F. The Fund shall be audited annually by the Auditor of Public Accounts or his legally authorized representatives. Copies of the annual audit shall be distributed to the Governor and to the Chairmen of the House Committee on Appropriations and the Senate Committee on Finance.

§ 2.2-5107. Grant payments.

The Comptroller shall not draw any warrants to issue checks for grants or disburse funds under this chapter without a specific legislative appropriation as specified in conditions and restrictions on expenditures in the appropriation act and following receipt of a certification from the Partnership and the Virginia Department of Taxation of the amount of personal income taxes paid by the eligible company on account of the new jobs.

§ 2.2-5108. Virginia Collaborative Economic Development Performance Grant Fund.

There is hereby created in the state treasury a special nonreverting fund to be known as the Virginia Collaborative Economic Development Performance Grant Fund. The Fund shall be established on the books of the Comptroller and administered by the Board. If the Board does not exist, the Fund shall be administered by the Partnership.

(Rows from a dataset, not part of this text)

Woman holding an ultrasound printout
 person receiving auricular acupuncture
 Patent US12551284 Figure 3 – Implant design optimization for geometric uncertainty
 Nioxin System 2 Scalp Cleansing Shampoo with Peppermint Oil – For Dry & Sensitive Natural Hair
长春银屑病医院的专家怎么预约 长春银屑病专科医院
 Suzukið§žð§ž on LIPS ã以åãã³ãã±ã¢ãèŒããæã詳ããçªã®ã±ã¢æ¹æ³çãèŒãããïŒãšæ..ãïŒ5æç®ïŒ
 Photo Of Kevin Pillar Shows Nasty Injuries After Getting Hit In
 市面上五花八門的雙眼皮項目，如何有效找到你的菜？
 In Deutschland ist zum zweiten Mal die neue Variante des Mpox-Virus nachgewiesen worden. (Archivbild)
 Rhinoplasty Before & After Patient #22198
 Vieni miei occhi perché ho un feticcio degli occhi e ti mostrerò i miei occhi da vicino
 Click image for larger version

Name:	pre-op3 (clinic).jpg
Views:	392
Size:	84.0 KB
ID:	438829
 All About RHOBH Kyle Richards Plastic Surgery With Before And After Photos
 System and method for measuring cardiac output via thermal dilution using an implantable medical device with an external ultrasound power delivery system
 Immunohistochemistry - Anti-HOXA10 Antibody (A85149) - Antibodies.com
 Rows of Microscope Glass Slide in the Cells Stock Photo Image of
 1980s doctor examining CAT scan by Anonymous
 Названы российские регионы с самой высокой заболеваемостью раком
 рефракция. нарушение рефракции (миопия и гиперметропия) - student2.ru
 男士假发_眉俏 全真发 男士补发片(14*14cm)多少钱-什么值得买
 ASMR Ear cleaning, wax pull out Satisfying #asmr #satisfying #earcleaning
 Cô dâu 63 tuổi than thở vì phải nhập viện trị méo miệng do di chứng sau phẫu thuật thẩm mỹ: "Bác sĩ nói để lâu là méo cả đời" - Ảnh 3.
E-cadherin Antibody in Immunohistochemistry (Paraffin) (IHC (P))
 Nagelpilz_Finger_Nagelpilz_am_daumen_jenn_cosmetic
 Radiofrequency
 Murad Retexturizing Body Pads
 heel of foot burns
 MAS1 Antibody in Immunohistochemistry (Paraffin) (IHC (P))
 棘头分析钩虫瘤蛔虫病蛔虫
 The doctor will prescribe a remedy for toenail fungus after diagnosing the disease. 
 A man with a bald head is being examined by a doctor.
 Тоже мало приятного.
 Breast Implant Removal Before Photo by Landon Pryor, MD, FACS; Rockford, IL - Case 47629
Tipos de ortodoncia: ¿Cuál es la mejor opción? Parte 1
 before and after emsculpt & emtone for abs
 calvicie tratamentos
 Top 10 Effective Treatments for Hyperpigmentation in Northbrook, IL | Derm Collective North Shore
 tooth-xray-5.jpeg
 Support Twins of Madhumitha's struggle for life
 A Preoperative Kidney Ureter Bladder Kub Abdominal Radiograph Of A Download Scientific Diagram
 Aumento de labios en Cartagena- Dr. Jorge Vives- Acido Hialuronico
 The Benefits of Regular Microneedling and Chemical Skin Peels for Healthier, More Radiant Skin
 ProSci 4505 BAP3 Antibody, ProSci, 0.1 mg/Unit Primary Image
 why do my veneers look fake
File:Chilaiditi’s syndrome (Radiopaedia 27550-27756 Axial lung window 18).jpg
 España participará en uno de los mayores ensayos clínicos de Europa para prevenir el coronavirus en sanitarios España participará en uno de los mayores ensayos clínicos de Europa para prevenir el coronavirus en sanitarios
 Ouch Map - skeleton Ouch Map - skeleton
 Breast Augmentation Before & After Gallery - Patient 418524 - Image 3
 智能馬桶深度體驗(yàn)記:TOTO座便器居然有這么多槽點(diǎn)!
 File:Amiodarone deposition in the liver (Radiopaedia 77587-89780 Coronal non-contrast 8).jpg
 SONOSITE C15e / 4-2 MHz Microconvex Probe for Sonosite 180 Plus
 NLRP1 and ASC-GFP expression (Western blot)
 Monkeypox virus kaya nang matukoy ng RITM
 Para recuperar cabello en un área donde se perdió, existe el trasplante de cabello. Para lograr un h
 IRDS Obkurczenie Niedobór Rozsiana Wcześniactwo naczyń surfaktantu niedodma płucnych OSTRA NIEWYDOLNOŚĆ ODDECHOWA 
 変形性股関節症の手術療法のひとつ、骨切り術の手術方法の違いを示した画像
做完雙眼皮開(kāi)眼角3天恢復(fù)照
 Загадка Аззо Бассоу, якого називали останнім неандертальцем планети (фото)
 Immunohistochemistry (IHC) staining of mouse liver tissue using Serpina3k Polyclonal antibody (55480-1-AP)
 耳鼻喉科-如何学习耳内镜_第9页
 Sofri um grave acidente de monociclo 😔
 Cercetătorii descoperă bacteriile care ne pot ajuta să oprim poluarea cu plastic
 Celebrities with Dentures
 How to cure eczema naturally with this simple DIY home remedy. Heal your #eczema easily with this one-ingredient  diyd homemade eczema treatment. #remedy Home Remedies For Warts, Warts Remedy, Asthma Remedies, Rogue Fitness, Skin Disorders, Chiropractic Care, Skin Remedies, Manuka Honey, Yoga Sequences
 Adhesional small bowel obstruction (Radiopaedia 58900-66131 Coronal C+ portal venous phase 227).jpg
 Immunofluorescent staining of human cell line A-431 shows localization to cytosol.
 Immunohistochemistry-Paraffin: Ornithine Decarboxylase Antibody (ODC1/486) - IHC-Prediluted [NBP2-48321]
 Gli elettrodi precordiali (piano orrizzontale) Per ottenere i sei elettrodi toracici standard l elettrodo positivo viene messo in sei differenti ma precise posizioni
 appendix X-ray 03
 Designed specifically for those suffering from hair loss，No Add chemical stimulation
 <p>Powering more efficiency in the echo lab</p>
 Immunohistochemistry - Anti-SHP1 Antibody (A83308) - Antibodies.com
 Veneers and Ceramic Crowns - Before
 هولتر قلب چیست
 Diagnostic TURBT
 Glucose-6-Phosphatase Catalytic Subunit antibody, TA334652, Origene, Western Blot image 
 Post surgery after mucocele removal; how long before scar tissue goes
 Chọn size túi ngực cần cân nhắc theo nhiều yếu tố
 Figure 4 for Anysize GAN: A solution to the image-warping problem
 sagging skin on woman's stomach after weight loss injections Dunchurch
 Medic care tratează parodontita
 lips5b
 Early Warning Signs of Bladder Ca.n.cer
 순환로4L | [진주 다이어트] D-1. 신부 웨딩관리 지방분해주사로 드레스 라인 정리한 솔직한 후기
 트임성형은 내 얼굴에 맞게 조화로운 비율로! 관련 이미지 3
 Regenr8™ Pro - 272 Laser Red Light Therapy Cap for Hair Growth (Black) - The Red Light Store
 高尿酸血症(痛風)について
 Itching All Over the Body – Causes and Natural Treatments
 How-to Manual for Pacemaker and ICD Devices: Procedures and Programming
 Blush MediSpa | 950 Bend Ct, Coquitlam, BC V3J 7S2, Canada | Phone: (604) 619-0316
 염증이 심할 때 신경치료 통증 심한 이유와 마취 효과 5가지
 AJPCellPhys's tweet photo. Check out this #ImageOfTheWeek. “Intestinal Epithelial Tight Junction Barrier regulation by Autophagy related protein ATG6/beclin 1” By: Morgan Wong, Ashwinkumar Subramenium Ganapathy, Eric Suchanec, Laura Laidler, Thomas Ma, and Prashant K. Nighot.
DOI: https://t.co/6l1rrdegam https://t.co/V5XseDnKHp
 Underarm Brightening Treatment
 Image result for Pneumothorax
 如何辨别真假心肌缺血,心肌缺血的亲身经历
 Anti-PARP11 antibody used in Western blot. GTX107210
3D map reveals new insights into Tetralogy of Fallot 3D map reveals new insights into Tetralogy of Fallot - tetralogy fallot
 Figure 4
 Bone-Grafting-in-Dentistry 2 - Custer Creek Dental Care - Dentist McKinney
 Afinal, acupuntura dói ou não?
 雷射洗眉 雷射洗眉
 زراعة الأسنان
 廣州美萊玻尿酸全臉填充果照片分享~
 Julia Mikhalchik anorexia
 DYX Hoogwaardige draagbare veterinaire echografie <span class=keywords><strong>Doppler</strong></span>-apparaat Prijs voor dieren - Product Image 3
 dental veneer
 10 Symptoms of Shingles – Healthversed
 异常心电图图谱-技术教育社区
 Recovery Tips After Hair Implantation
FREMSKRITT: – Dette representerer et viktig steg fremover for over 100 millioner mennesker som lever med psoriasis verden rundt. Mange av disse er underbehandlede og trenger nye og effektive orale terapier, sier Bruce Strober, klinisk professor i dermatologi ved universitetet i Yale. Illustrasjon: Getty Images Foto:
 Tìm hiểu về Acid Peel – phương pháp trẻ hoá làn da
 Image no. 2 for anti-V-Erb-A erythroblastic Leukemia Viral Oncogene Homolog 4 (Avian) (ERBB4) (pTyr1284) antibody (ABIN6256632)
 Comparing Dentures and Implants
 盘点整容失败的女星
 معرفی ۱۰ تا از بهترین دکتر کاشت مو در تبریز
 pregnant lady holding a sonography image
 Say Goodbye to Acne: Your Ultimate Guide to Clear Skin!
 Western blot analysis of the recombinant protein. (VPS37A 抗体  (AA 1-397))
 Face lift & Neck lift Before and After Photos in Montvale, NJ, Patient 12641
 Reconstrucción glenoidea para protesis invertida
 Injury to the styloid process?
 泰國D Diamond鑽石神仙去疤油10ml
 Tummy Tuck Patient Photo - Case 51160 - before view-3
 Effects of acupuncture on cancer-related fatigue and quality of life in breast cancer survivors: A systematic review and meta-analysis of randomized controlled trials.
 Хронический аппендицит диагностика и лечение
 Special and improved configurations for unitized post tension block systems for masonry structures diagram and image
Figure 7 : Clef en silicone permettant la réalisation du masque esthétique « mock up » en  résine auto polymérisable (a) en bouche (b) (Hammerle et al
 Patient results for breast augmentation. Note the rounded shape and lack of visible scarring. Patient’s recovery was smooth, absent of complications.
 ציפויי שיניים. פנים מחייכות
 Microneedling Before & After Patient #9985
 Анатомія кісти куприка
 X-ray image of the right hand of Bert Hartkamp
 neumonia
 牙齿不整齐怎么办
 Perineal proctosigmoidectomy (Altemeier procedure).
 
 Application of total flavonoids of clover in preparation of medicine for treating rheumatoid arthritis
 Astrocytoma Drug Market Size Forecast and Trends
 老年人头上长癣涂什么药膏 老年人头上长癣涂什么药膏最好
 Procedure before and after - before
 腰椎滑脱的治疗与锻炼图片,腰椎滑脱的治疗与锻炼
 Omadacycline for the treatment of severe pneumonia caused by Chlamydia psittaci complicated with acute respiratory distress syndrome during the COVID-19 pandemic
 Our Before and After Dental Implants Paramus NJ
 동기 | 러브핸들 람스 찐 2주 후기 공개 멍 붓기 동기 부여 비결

All funds appropriated for such purpose shall be paid into the state treasury and credited to the Fund. Interest earned on moneys in the Fund shall remain in the Fund and be credited to it. Any moneys remaining in the Fund, including interest thereon, at the end of each fiscal year shall not revert to the general fund but shall remain in the Fund. Moneys in the Fund shall be used solely for the purposes of providing grants to participating localities and the Partnership pursuant to this chapter. Expenditures and disbursements from the Fund shall be made by the State Treasurer on warrants issued by the Comptroller upon written request signed by the President and Chief Executive Officer of the Partnership, or the chairman of the Board described herein, as appropriate.

2. That the provisions of this act shall expire on July 1, 2026. However, the expiration of this act shall not affect the validity of any grant awarded prior to July 1, 2026, and such grant shall continue to be paid in accordance with the provisions of this act as it was in effect when such grant was awarded and subject to the provisions of the award of the grant.